Hoy es Gentoo, mañana..

Al final aprenderas.

Un saludo.

----------

## botdotcom

 *Quote:*   

> ututo 

 

tambien estan:

http://www.calculate-linux.org/

http://toorox.de/index.php/en

http://www.vidalinux.org/project

----------

## miguel_senso

Hola a todos, botdotcom en mi opinión si lo que estás buscando es una distribución GNU/Linux optimizada y hecha a medida para tu hardware en el que le puedas sacar todo su potencial, Gentoo es una muy buena opción, sin embargo su peculiar manera de instalación como bien te han dicho es la que permite que el usuario entre en contacto con el sistema y aprenda de donde sale cada archivo de configuración que en un futuro puede (y de hecho será) de utilidad en el uso cotidiano del sistema.

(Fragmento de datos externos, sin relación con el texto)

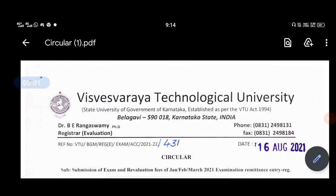Hi friends, welcome to the Student Solution YouTube channel. Welcome to VTU updates. VTU has 3 important updates. We have to submit those 3 updates. Click on the bell for the first one.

Gentoo es sumamente versatil y flexible y nos sirve tanto a los usuarios cotidianos que lo utilizamos para actividades caseras y sencillas, hasta para los usuarios mas expertos del mundo Linux, quienes muchas veces nos brindan su experiencia en este excelente foro, sin embargo debes tener presente que debes conocer al menos los conceptos básicos del sistema que vas a instalar a tu maquina para poder pedir y recibir la ayuda de la manera más ágil y que sea productiva para todos (el tiempo es oro dicen por ahí y mucho tiene de cierto  :Very Happy:  ).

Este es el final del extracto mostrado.